(PROVIDED RECORDS):
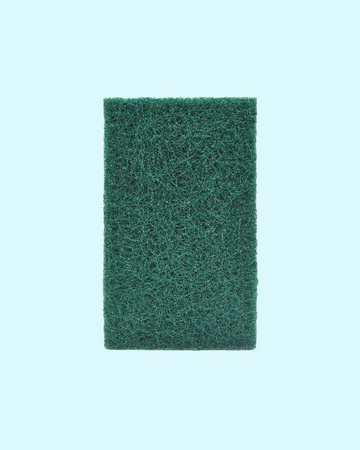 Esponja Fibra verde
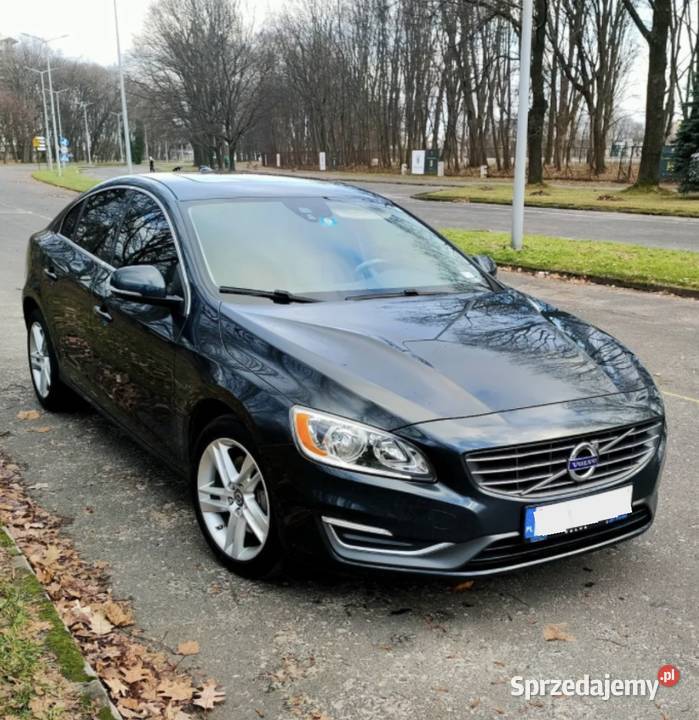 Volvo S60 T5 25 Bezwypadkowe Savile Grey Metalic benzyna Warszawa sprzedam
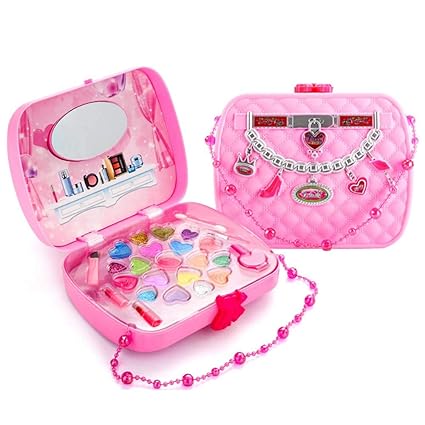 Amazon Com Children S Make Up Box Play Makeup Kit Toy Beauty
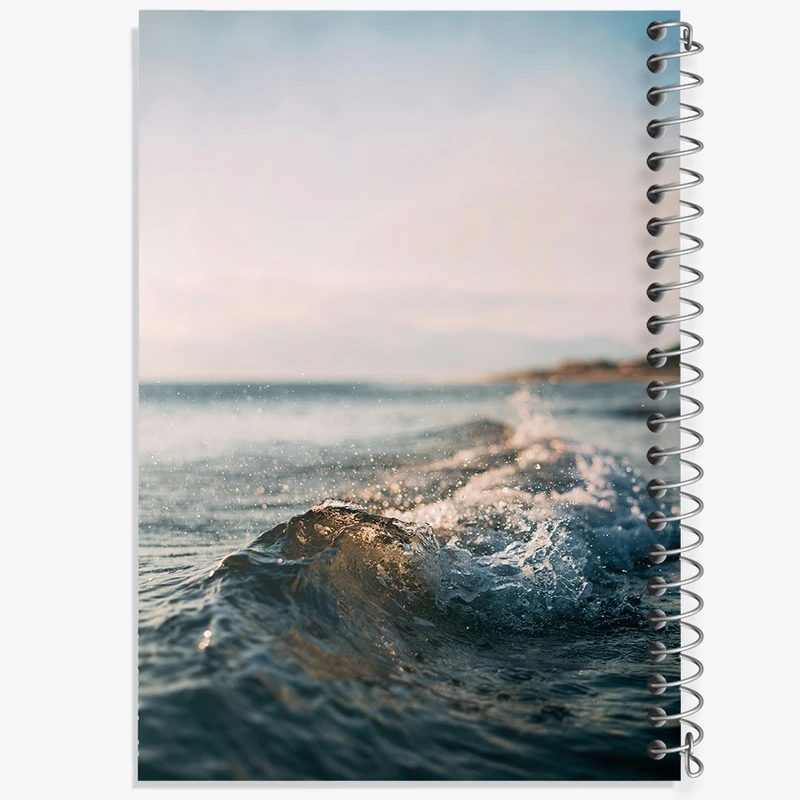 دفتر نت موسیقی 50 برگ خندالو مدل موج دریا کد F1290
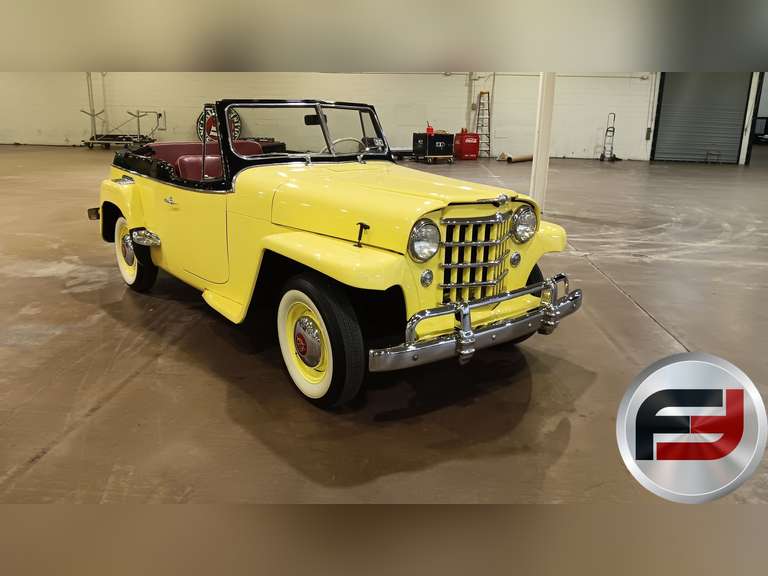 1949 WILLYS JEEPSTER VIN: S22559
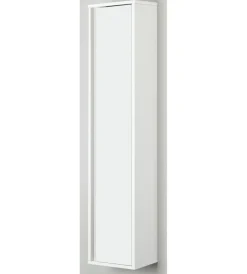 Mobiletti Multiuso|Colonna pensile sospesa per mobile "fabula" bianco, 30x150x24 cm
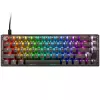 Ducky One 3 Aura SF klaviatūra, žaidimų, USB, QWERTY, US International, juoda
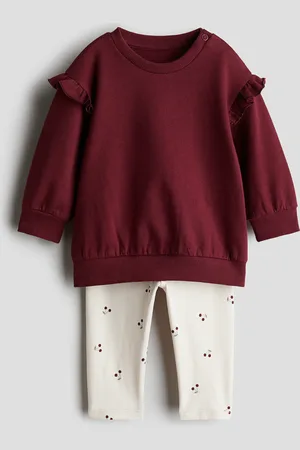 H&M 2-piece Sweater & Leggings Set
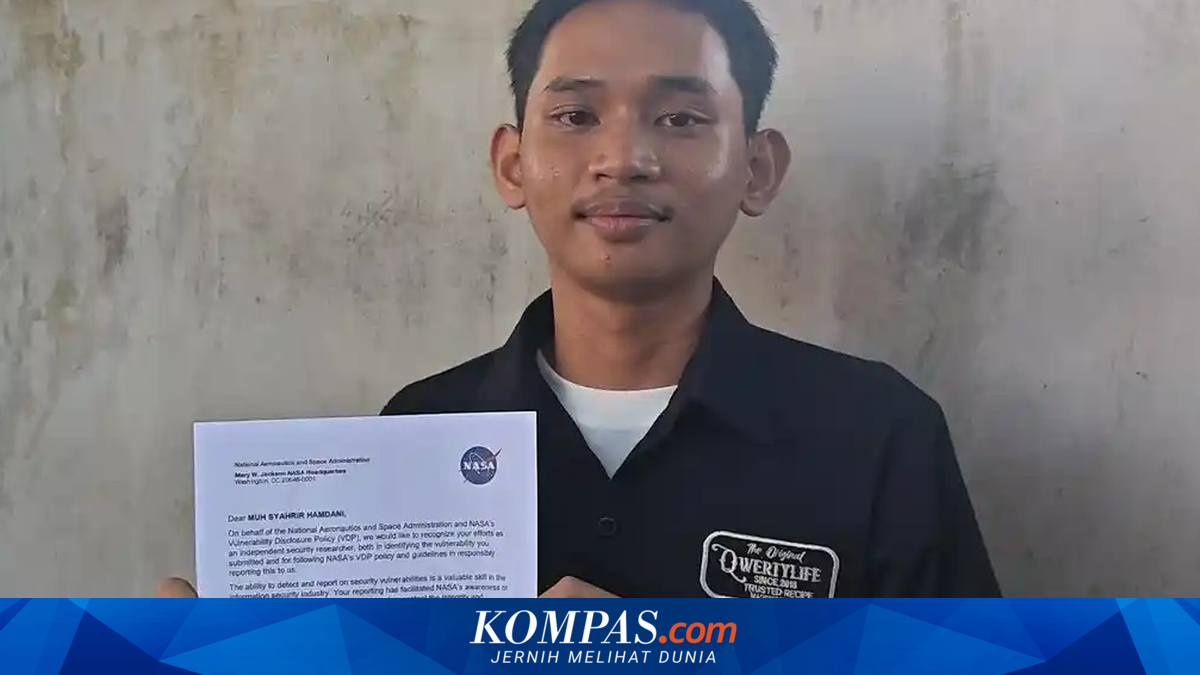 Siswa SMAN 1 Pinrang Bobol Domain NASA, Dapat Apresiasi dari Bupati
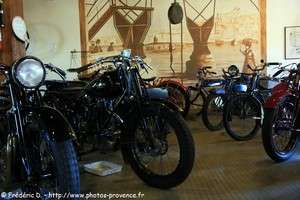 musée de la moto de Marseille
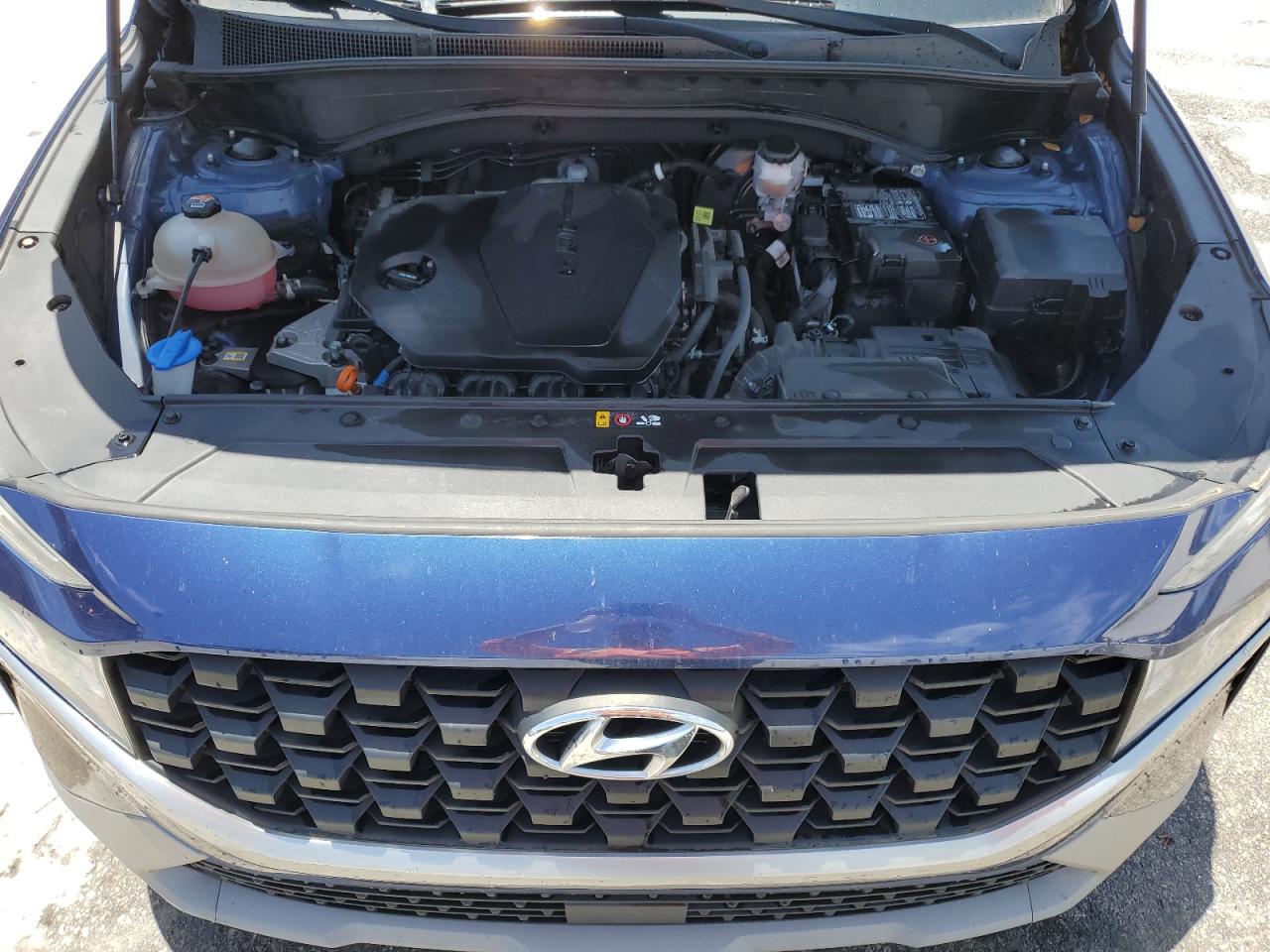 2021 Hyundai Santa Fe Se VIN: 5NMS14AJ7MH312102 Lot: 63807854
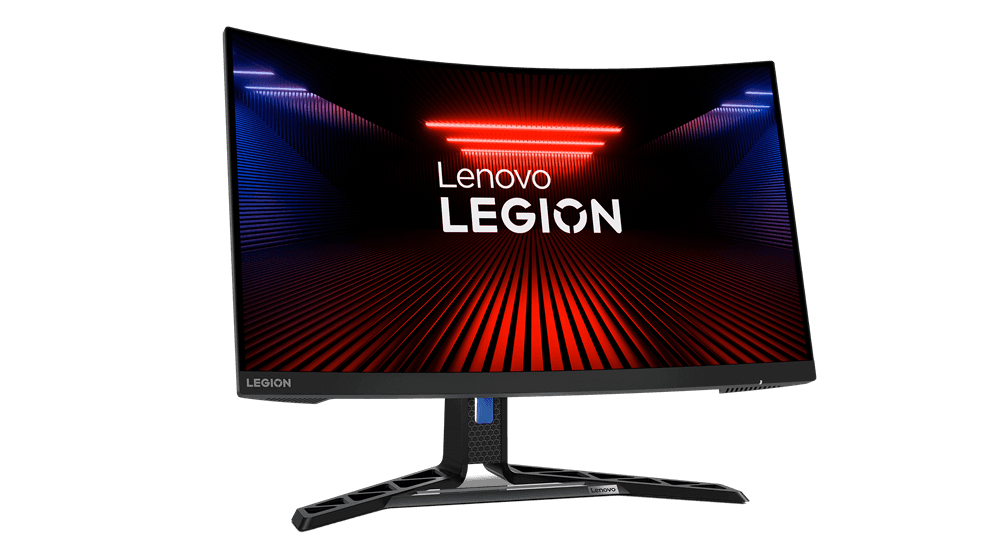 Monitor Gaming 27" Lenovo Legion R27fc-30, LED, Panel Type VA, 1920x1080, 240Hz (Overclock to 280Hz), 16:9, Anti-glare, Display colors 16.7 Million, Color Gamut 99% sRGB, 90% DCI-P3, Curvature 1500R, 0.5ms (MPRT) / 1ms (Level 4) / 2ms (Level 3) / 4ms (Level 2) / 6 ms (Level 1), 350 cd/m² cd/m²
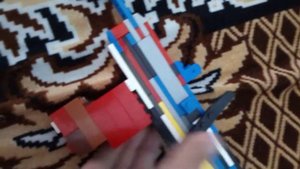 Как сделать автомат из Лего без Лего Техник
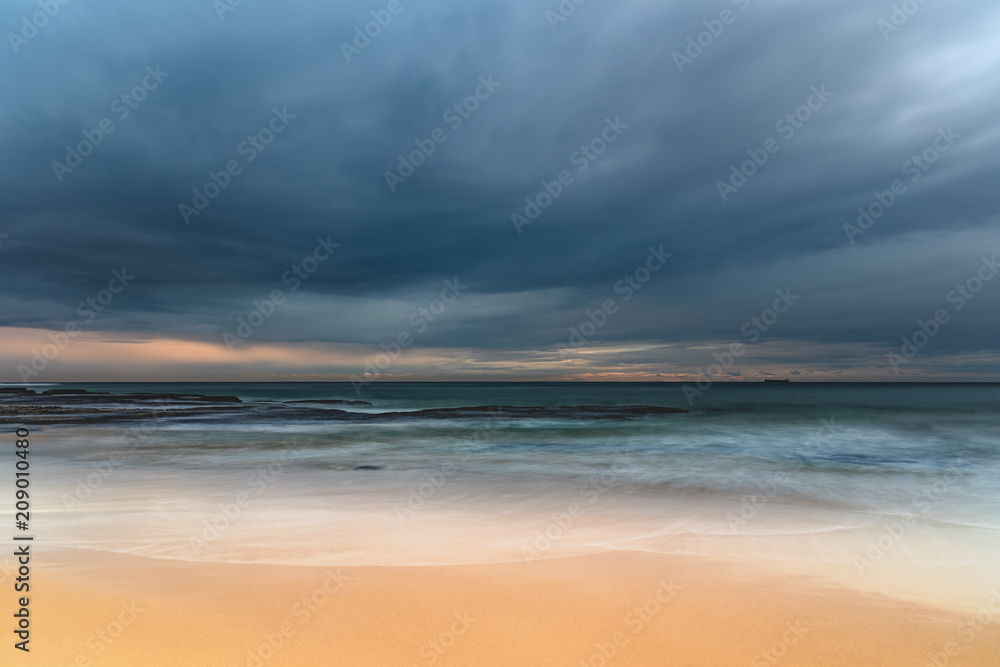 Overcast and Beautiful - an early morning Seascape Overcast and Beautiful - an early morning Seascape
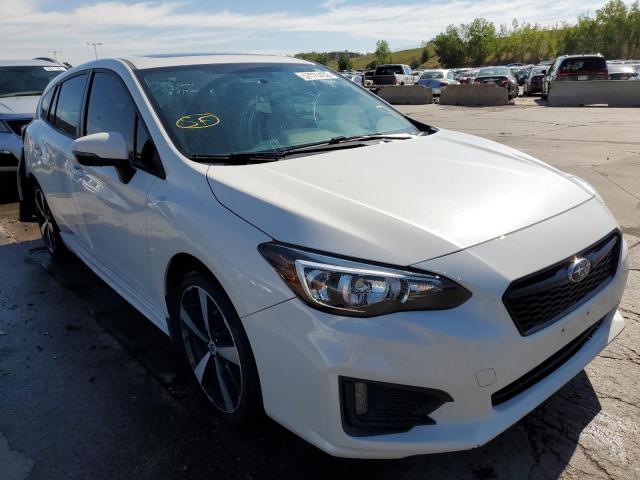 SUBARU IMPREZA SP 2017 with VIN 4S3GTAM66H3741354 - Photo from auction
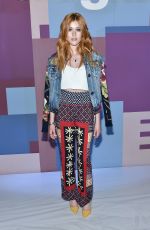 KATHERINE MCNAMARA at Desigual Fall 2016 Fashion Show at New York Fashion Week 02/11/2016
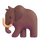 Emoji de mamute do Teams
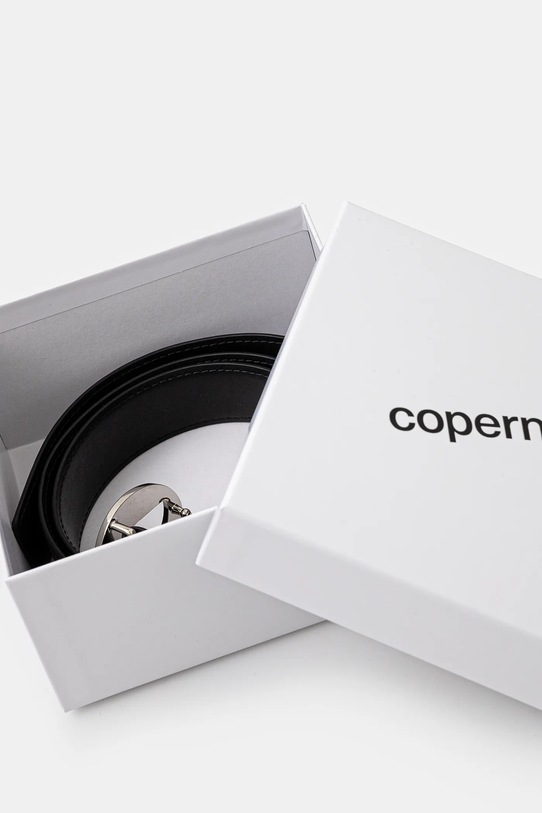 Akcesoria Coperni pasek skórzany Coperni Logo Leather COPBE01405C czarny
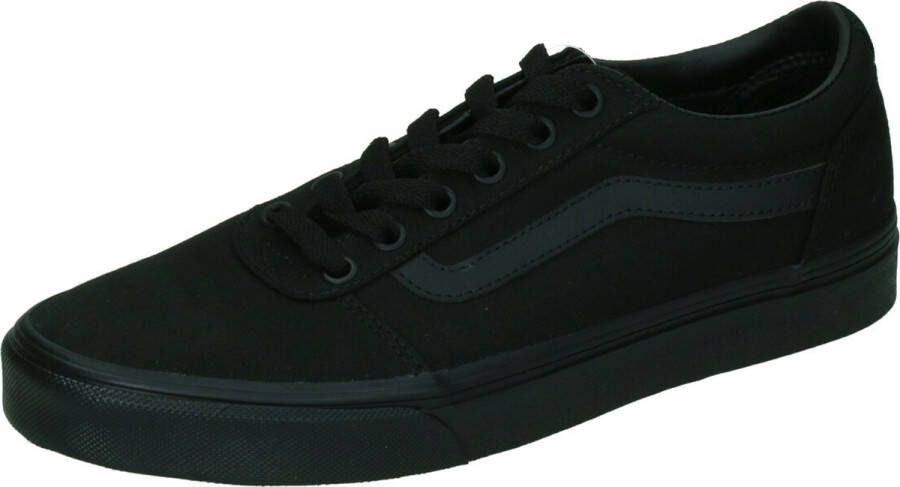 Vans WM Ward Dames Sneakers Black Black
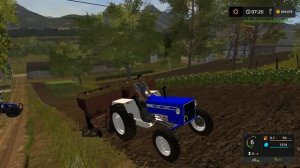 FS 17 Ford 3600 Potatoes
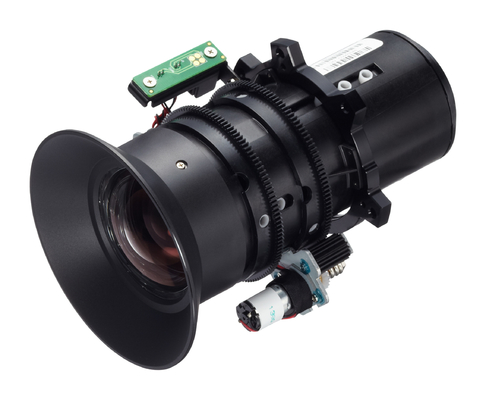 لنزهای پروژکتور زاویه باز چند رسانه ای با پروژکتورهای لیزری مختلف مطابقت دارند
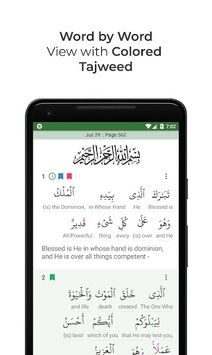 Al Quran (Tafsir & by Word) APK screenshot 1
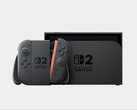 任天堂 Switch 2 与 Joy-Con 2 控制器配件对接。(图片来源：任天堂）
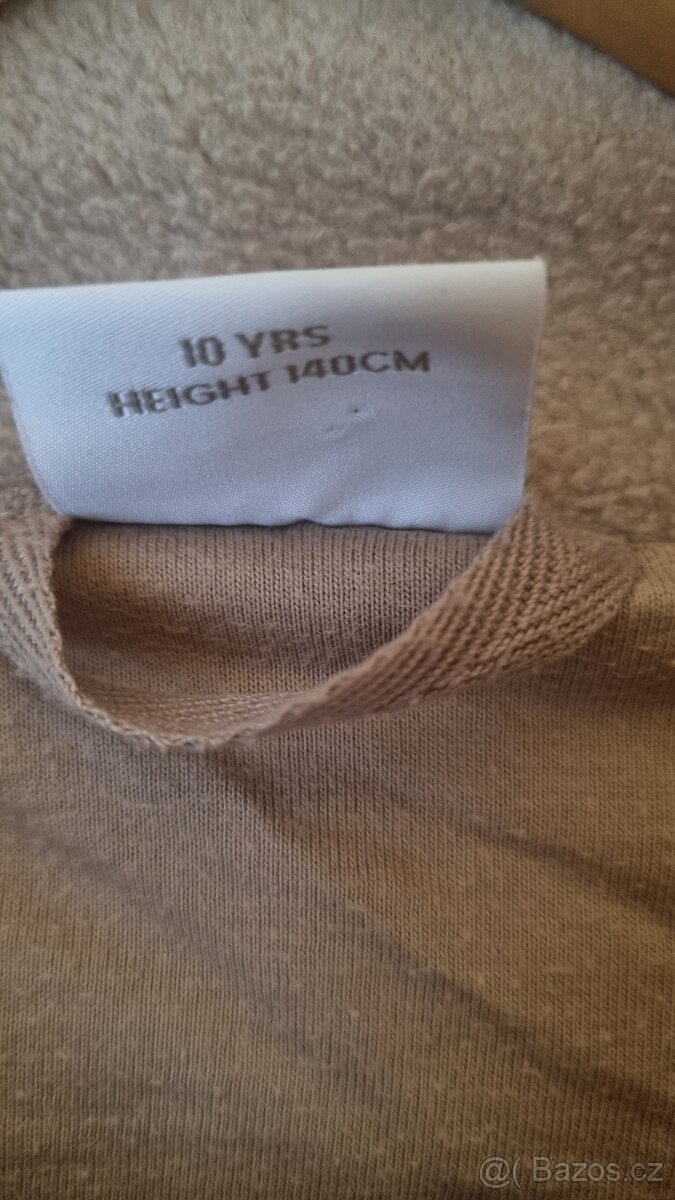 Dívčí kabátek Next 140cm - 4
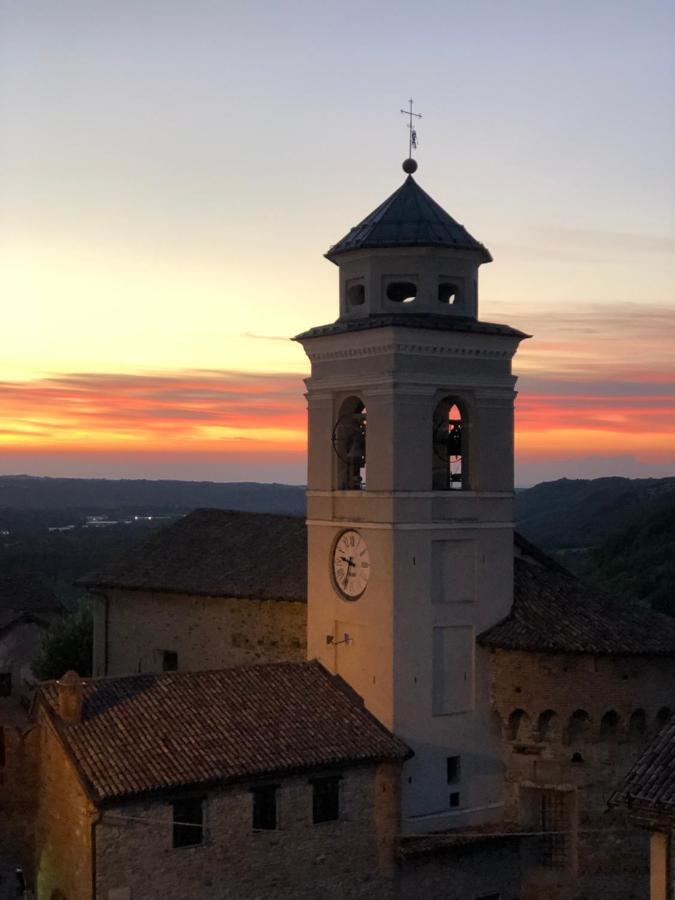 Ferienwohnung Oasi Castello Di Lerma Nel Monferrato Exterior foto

(WHAT YOU SHOULD DO): The answer is the entries above, given again exactly, with no pictures among them.

(WRITTEN ANSWER):
 Esponja Fibra verde
 Volvo S60 T5 25 Bezwypadkowe Savile Grey Metalic benzyna Warszawa sprzedam
 Amazon Com Children S Make Up Box Play Makeup Kit Toy Beauty
 دفتر نت موسیقی 50 برگ خندالو مدل موج دریا کد F1290
 1949 WILLYS JEEPSTER VIN: S22559
 Mobiletti Multiuso|Colonna pensile sospesa per mobile "fabula" bianco, 30x150x24 cm
 Ducky One 3 Aura SF klaviatūra, žaidimų, USB, QWERTY, US International, juoda
 H&M 2-piece Sweater & Leggings Set
 Siswa SMAN 1 Pinrang Bobol Domain NASA, Dapat Apresiasi dari Bupati
 musée de la moto de Marseille
 2021 Hyundai Santa Fe Se VIN: 5NMS14AJ7MH312102 Lot: 63807854
 Monitor Gaming 27" Lenovo Legion R27fc-30, LED, Panel Type VA, 1920x1080, 240Hz (Overclock to 280Hz), 16:9, Anti-glare, Display colors 16.7 Million, Color Gamut 99% sRGB, 90% DCI-P3, Curvature 1500R, 0.5ms (MPRT) / 1ms (Level 4) / 2ms (Level 3) / 4ms (Level 2) / 6 ms (Level 1), 350 cd/m² cd/m²
 Как сделать автомат из Лего без Лего Техник
 Overcast and Beautiful - an early morning Seascape Overcast and Beautiful - an early morning Seascape
 SUBARU IMPREZA SP 2017 with VIN 4S3GTAM66H3741354 - Photo from auction
 KATHERINE MCNAMARA at Desigual Fall 2016 Fashion Show at New York Fashion Week 02/11/2016
 Emoji de mamute do Teams
 Akcesoria Coperni pasek skórzany Coperni Logo Leather COPBE01405C czarny
 Vans WM Ward Dames Sneakers Black Black
 FS 17 Ford 3600 Potatoes
 لنزهای پروژکتور زاویه باز چند رسانه ای با پروژکتورهای لیزری مختلف مطابقت دارند
 Al Quran (Tafsir & by Word) APK screenshot 1
 任天堂 Switch 2 与 Joy-Con 2 控制器配件对接。(图片来源：任天堂）
 Dívčí kabátek Next 140cm - 4
 Ferienwohnung Oasi Castello Di Lerma Nel Monferrato Exterior foto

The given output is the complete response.